Washington PFAS Law and Focus On Consumer Goods
Washington’s latest PFAS-related legislation, HB 1694, requires the state’s Department of Ecology (DOE) to name PFAS-containing firefighting gear a “priority product” under the state’s Safer Products For Washington initiative. The bill also allows the DOE to name as a “priority product” any product named in the 2021 PFAS Chemical Action Plan – namely, nonstick cookware, personal care products, cleaning agents, water-repellant clothing and gear, automotive products, and waxes and sealants for floors, skis, and cars. In addition, the bill allows the DOE flexibility to designate additional products as “priority products.” Typically, the DOE adds products to the “priority” list every five years, so HB 1694 accelerates (if not outright eliminates) the five year waiting period.
The DOE has until 2024 to evaluate alternatives for PFAS in the listed products and develop regulations. Final regulations would be required by 2025.
Impact of PFAS In Consumer Goods Bill On Businesses
Washington’s legislation places a wide range of consumer products directly in the crosshairs with respect to PFAS, and give the DOE the flexibility to add more consumer products to the priority list. While other states have banned or otherwise regulated PFAS in certain specific consumer goods, Washington’s bill provides for a much broader range of regulated PFAS-containing products that virtually any state.

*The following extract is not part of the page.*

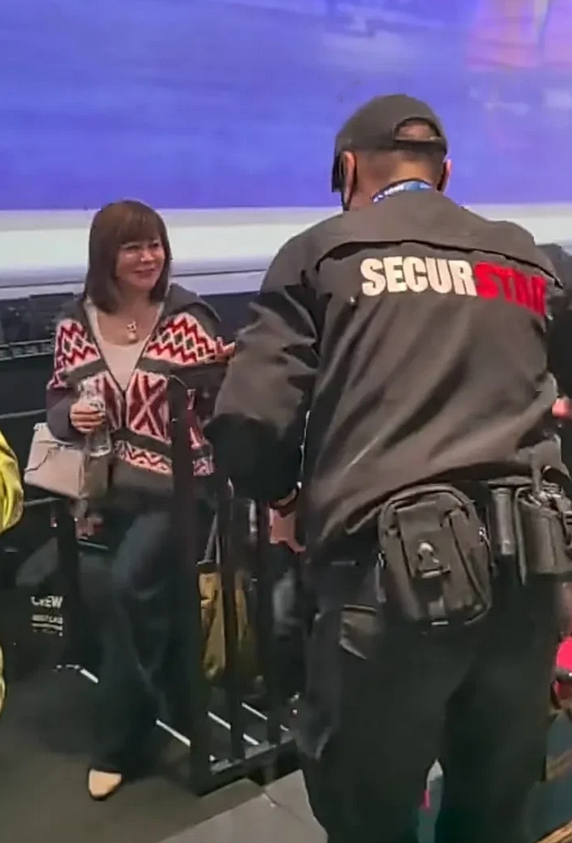 刘德华演唱会，好友关之琳现身演唱会现场。曾经的一代女神也老了，关之琳曾经结过两次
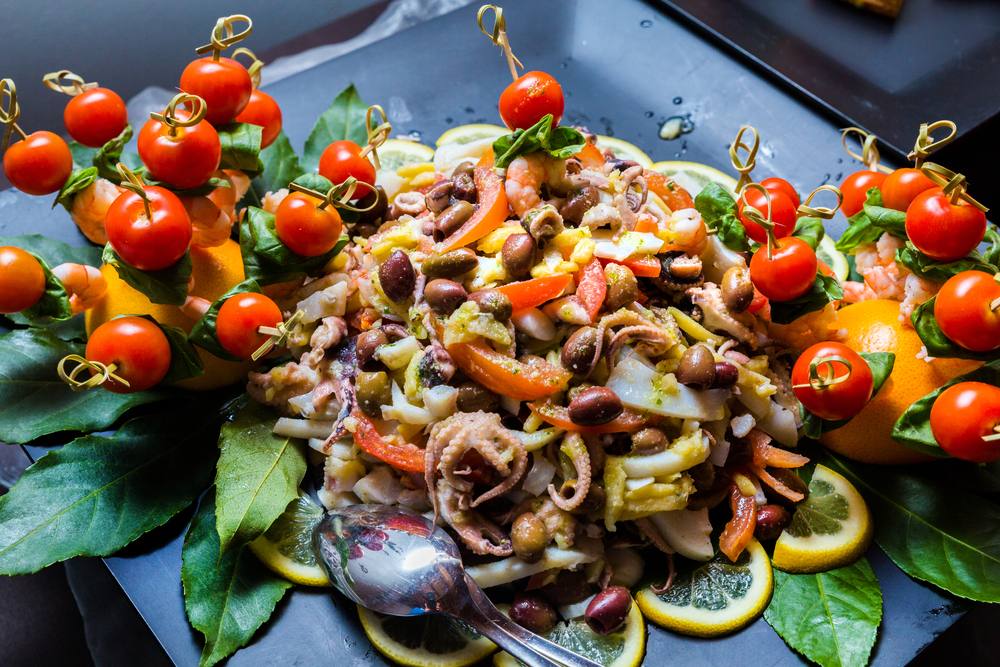 طريقة عمل سلطة تمر و رمان و زيتون‎‎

It is of the utmost importance for businesses along the whole cosmetics supply chain to evaluate their PFAS risk. Public health and environmental groups urge legislators to regulate these compounds. One major point of contention among members of various industries is whether to regulate PFAS as a class or as individual compounds. While each PFAS compound has a unique chemical makeup and impacts the environment and the human body in different ways, some groups argue PFAS should be regulated together as a class because they interact with each other in the body, thereby resulting in a collective impact. Other groups argue that the individual compounds are too diverse and that regulating them as a class would be over restrictive for some chemicals and not restrictive enough for others.
Companies should remain informed so they do not get caught off guard. States are increasingly passing PFAS product bills that differ in scope. For any manufacturers, especially those who sell goods interstate, it is important to understand how those various standards will impact them, whether PFAS is regulated as individual compounds or as a class. Conducting regular self-audits for possible exposure to PFAS risk and potential regulatory violations can result in long term savings for companies and should be commonplace in their own risk assessment.